AstraZeneca has announced that it has received FDA approval for Koselugo (selumetinib) for the treatment of neurofibromatosis type 1 (NF1) in paediatric patients two years of age and older who have symptomatic, inoperable plexiform neurofibromas.

This is the first drug that has been approved to treat this rare neurological disorder, as previous treatments have been for managing symptoms only. As such, Koselugo has provided a major breakthrough in treatment for NF1 patients, as it has demonstrated that it can shrink tumours and increase the quality of life for children with this disease. By 2026, GlobalData forecasts total annual revenue of $206M for Koselugo.
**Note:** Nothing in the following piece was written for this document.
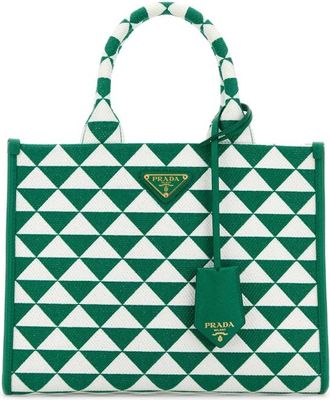 Prada Embroidered Fabric Small Symbole Shopping Bag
Selumetinib was originally developed by Array BioPharma, which back in 2003 announced a licensing and collaboration agreement to develop selumetinib with AstraZeneca. Since 2003, AstraZeneca has looked to develop selumetinib for several indications; however, it has seen a string of failures, including in thyroid cancer, metastatic uveal melanoma, and non-small cell lung cancer. Seventeen years later, the acquisition of selumetinib is finally paying out for AstraZeneca, which is now jointly developing selumetinib with Merck & Co., with the approval of Koselugo for its first indication. Approval for Koselugo in Europe is expected to follow, with a marketing authorization application submitted to the EMA in Q1 2020.

AstraZeneca will be looking for a fast roll-out for Koselugo, which could be challenging given the current pandemic situation with Covid-19. However, as a rare disorder that had no treatment options, there are specific advocacy groups for NF1 that AstraZeneca can target, so it is likely that patient awareness of the availability of this new drug will be high, which should help with the launch of Koselugo.